OR, “I’ll have vinegar with my french fries.”
Since I am what is euphemistically called ‘between jobs’ I agreed to help a local farmer with the tomato harvest. Faye worked for him last year and said he had real trouble getting enough help on Sundays because his Mennonite helpers don’t work Sunday. So I agreed to help on Sundays.
I really didn’t look forward to going last Sunday because it’s hard, noisy, dusty work. I didn’t look forward to it mostly because I’ve never done it. Despite Fayes’ vivid descriptions of last years’ harvest I was pretty well clueless. Faye said ‘Just do the best you can.’
Last Sunday we got to the field about 9AM. It turned out that two other people were helping, a 15-year-old girl and the farmers’ girlfriend. The tomato harvester is a contraption which is pulled by a tractor and run by the tractor’s power take off (PTO). The contraption costs perhaps $200,000 (that’s a pure guess and probably low) and was built and safety inspected in Dublin Eire of all places. Through mechanical magic, it pulls a double row of plants out of the ground, shakes off most of the dirt, cuts, shreds and discards most of the plants, and deposits what’s left onto a conveyor belt.
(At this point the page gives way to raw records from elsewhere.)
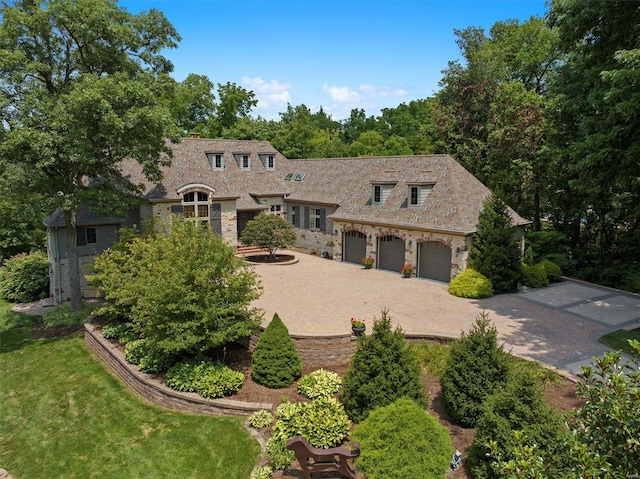 view of front of property with decorative driveway, a front yard, a garage, and stone siding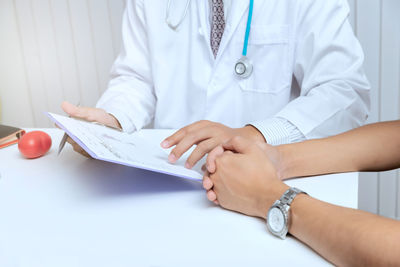 Midsection of doctor explaining medical records to patient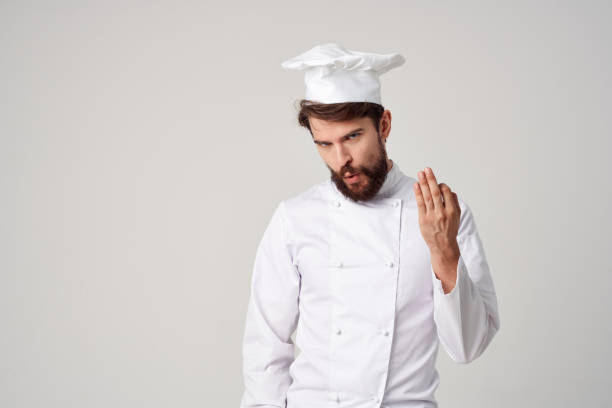 istock male cook Cooking culinary industry light background 2111879204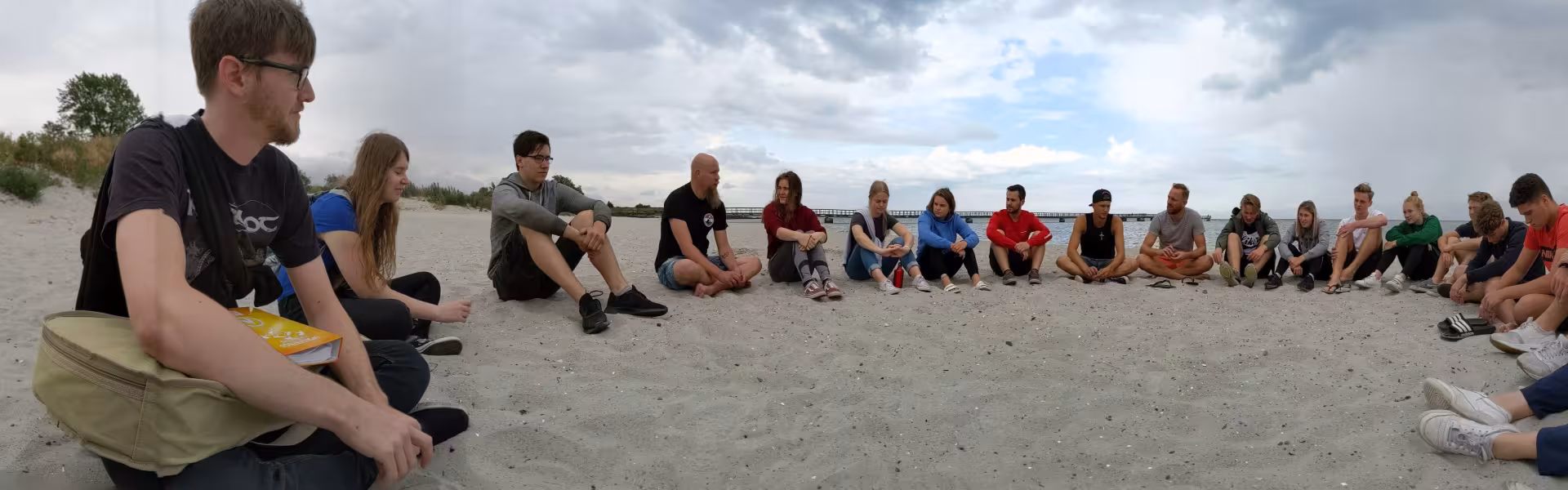 Deelnemers zitten op een rij in het zand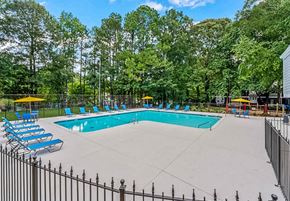 Marietta apartment for rent - a swimming pool with chaise lounge chairs and trees in the background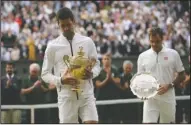  ?? The Associated Press ?? TAKING A STROLL: Serbia’s Novak Djokovic and Switzerlan­d’s Roger Federer walk with the trophies Sunday after the men’s singles final match of the Wimbledon Tennis Championsh­ips in London.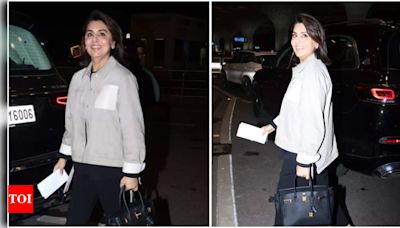 Pics: Neetu Kapoor arrives at the airport in style | Hindi Movie News - Times of India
The sorters, who work inside a sort of tented enclosure on the harvester, then sort and discard into a slot between the belt and the platform you stand on the bad tomatoes as well as any detritus that gets through the mechanical magic performed earlier. What gets through this step is then dumped into a wagon being pulled alongside the harvester by another tractor. When the wagon’s full it will be replaced by another wagon and eventually the full wagons will be towed to the processing plant.
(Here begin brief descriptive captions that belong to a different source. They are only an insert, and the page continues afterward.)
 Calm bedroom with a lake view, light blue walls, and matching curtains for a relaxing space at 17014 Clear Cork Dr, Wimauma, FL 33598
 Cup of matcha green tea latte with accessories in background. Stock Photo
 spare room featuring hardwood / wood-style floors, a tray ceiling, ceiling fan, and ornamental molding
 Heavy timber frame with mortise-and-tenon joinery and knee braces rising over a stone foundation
Now I will switch from first person to second person.
The detritus includes small weeds; small tomato plant stems; dirt clods that range in size from peas to large fists; corncobs from last years’ corn crop; and the odd toad, snake, or mouse. The Roma-variety tomatoes may be ripe; green; large; small; split. There is also a percentage of tomatoes that are rotten and squishy. You know, the kind that you gag over when you find it in the fridge. The kind that you feel compelled to handle with a paper towel or even a glove.
That’s why you wear gloves when you work the harvester.
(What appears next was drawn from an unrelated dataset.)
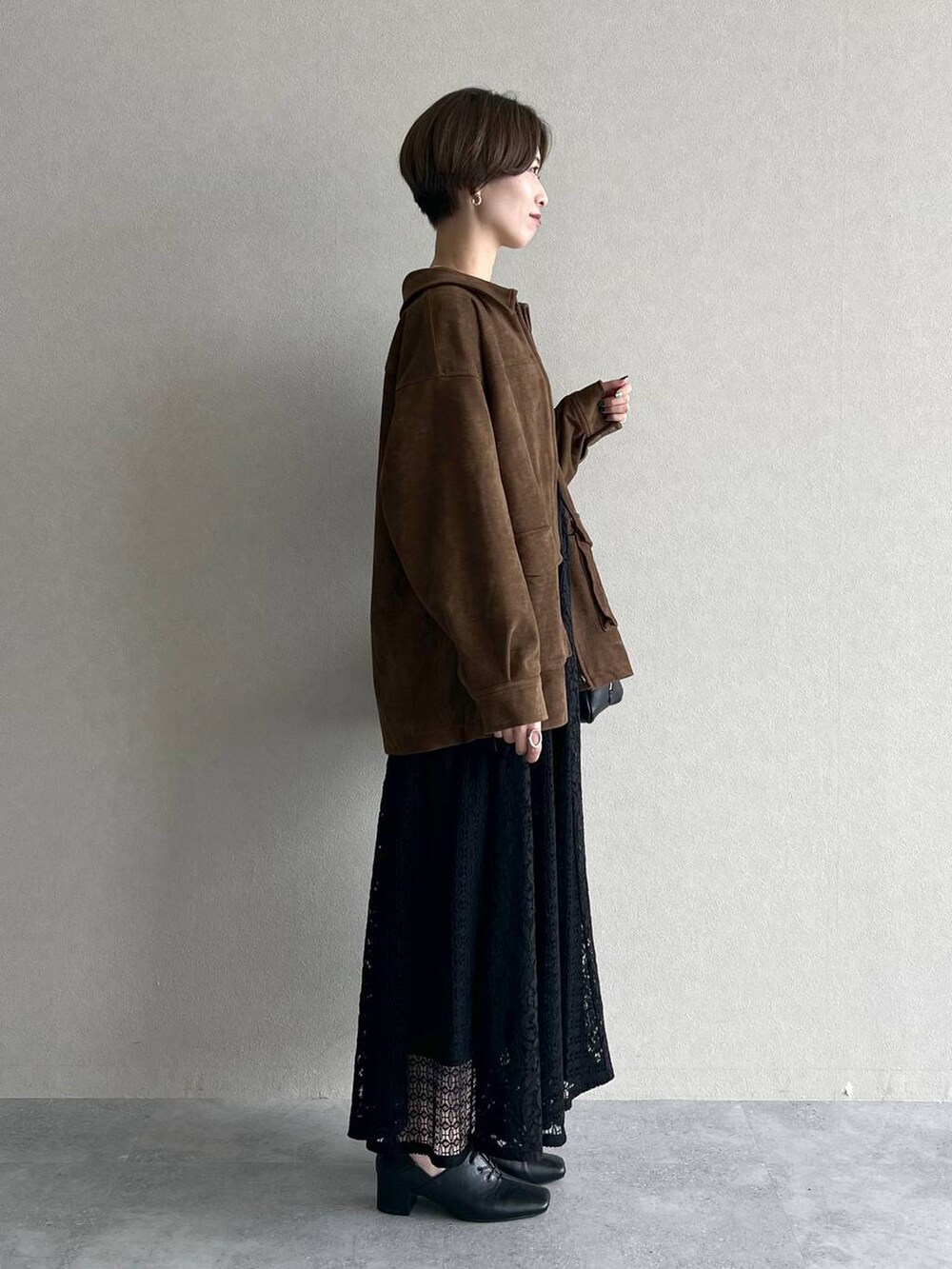 ブラック系のハンドバッグ、ブラック系のワンピース、ブラック系のドレスシューズを着用したレディースの秋コーディネートの2枚目の写真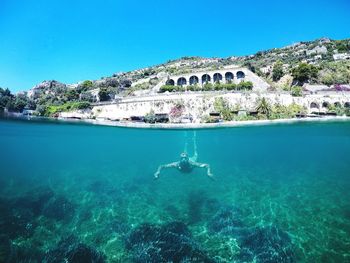 Man swimming in sea against clear blue sky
The conveyor belt has three speeds. About 1 foot per second, about 1 1/2 feet per second, and holy-crap-you-need-speed-to-keep-up. As already mentioned the sorter’s job is to grab and discard the bad tomatoes and detritus. On one square foot of belt there could be anywhere from zero to, say, twenty objects to evaluate. Basically, you have to see, evaluate, react, grab a moving target, discard, see, evaluate, react, grab, discard, and so on. And so on. And so on. There is no time to think about what you’re doing. Think about playing baseball, tennis, basketball, or hockey and how you have to quickly react. Except in those sports you generally get a few seconds’ break between sessions of having to react. Not so in tomato sorting.
Once the tractor driver starts down a row he will probably not stop until 1) there’s a breakdown; 2) the end of the row; 3) he sees that the sorters are really getting behind and stops; or 4) you pull a panic cord to stop him. Number 4) is frowned upon unless there is a REAL problem. You have little if any sense of time but suppose that each row, worked nonstop, takes about 20-30 minutes start to finish. So you are sorting for 20-30 minutes. It is inevitable that you will get behind, lose focus, have to scratch your nose, etc, etc. etc. A saving grace of the belt’s speed – no matter which speed it’s going – is that you don’t have time to dwell, and therefore gag, on that particularly disgusting tomato that fell apart in your hand before you could discard it.
Remember this statement?
‘. . . the sorter’s job is to grab and discard the bad tomatoes and detritus.’
You will not get everything. Detritus and bad, rotten, nasty tomatoes will get through to the wagon delivered to the plant where virtually all – but not 100% – of the detritus and nasty tomatoes will be sorted out before they get to the evaporator or whatever other production line(s) may be running. The tomatoes are used to make ketchup, paste, and every sort of canned tomato variety you see on your local supermarket’s shelves. But back to sorting.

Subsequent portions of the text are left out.